I’ve been sliced, diced and poisoned, turned inside out and outside in. I’m missing innards and my outsides look like they’ve been to war — because they have.
The enemy’s name was osteogenic sarcoma, or as it’s been coined “Terry Fox cancer.” The plan of attack was a fully loaded chemotherapy regimen and extreme surgery to replace my knee and parts of my shin and femur. It’s been almost three years and the dust has settled. I’m cancer free and I never take that for granted. I’m in constant physiotherapy to get my leg to its best level of function and progress is slow but apparent.
I’m back on campus and I don’t think there’s any place I’d rather be, but now that I’m hitting the books again I’m presented with some unique challenges. Fortunately here at the University of Manitoba, Student Accessibility Services offers resources and positively charged advisors to help students like me who come across road-blocks on campus. I just recently had a meeting with an advisor and she got me so pumped that when I left her office, I wanted to take my crooked walk down the hall to the elevator, off campus and right up Everest.
There is however one thing I can’t stop thinking about since my first meeting. Everything Student Accessibility Services does for you is 100 per cent top secret. Every student you see there was never really there, if you get what I’m saying. My advisor warned me that if I bump into her on campus she wouldn’t be able to say hello unless I did first.
I guess for some people this is a relief, but personally it made me kind of sad. I understand that your personal information shouldn’t be public knowledge — or get posted in the Manitoban — against your will, but I can’t help but wonder if there are students who keep their disability private because they’re self-conscious. Why would they be self-conscious? Maybe because in our society accepting help means getting a label slapped on your forehead that reads “weak.”
I watched a video in my English literature class, where a woman spoke about physical disabilities. She mentioned that she’d seen people with severe disabilities struggling to get around campus on their own two feet instead of using a wheelchair. She said that it disturbed her and honestly it disturbs me too, because I’ve done the same thing. I know that when I refused to accept help it was out of fear of being viewed as “weak” or “disabled.”
When I first got diagnosed I was told that I couldn’t walk on my leg because the tumour had made my knee so brittle that it could break under the pressure; an amputation would then be necessary. I was devastated, and when the doctor suggested I not even walk down the hall to get crutches, I held my head high and walked right out the door.

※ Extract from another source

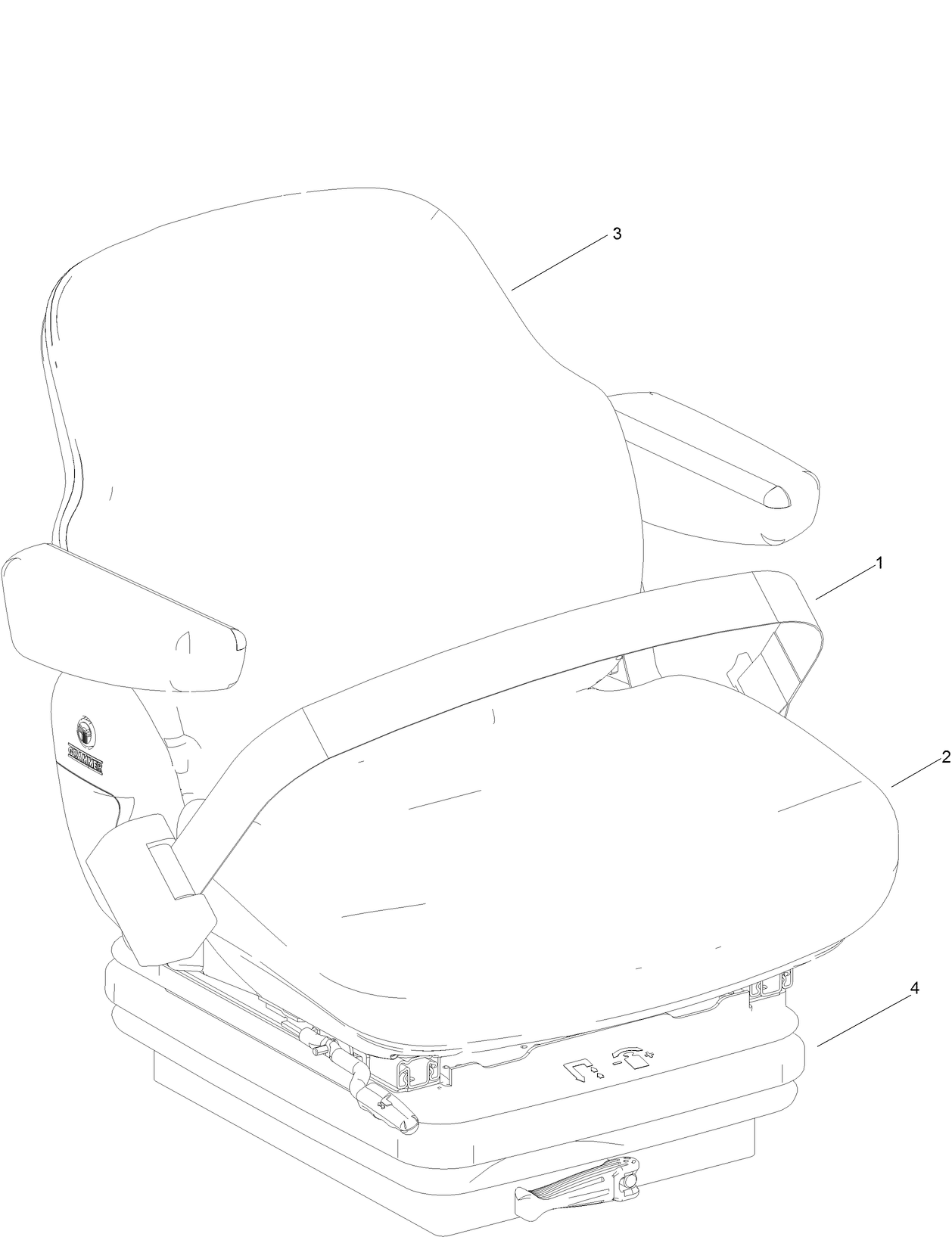 Seat Assembly No. 134-0260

That was one of the dumbest things I’ve ever done in my life. I risked losing my leg just because I refused to sit in a wheelchair for 30 seconds. I had a good reason though. I was I trying to prove that I was strong: “I am woman hear me roar! I risk my limbs for no good reason!”
Our society is concerned with being “normal,” as a result we are conditioned to fear “weakness” and “abnormalities.” If you can’t walk, you’re not “normal.” If you have a limp then you don’t walk “normally.” If you use Student Accessibility Services then you’re not a “normal” student, you’re a “disabled” student. This harmful notion of “normal” controls the way we act and the way we express ourselves in society every day; it’s the reason that some students, who are getting help to reach their goals, want you to pretend you don’t know them in the Tim Horton’s line.

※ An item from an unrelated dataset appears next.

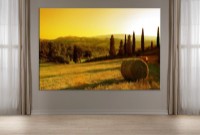 Pictură ArtDesign Sunset in the Tuscan fields 45x67cm (FP-10005)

I wrote this article because I wanted to communicate a message. I have spent a lot of time thinking about exactly how to express myself, and it turns out it’s pretty simple.
Here’s my top secret, private information. Stigma be gone!
My name is Stephanie Haderer and I am what society would call a person with a disability. I use Student Accessibility Services, formerly known as disability services, and yes, I have a handicap parking pass that my able bodied peers should envy. I believe accepting help to reach goals is just another step in the journey toward graduation and the only thing that should be swept under the rug is the idea of what’s “normal” and what’s not. I fully respect other students’ right to privacy, but if you see me in the Accessibility office, feel free to say hello when we meet again!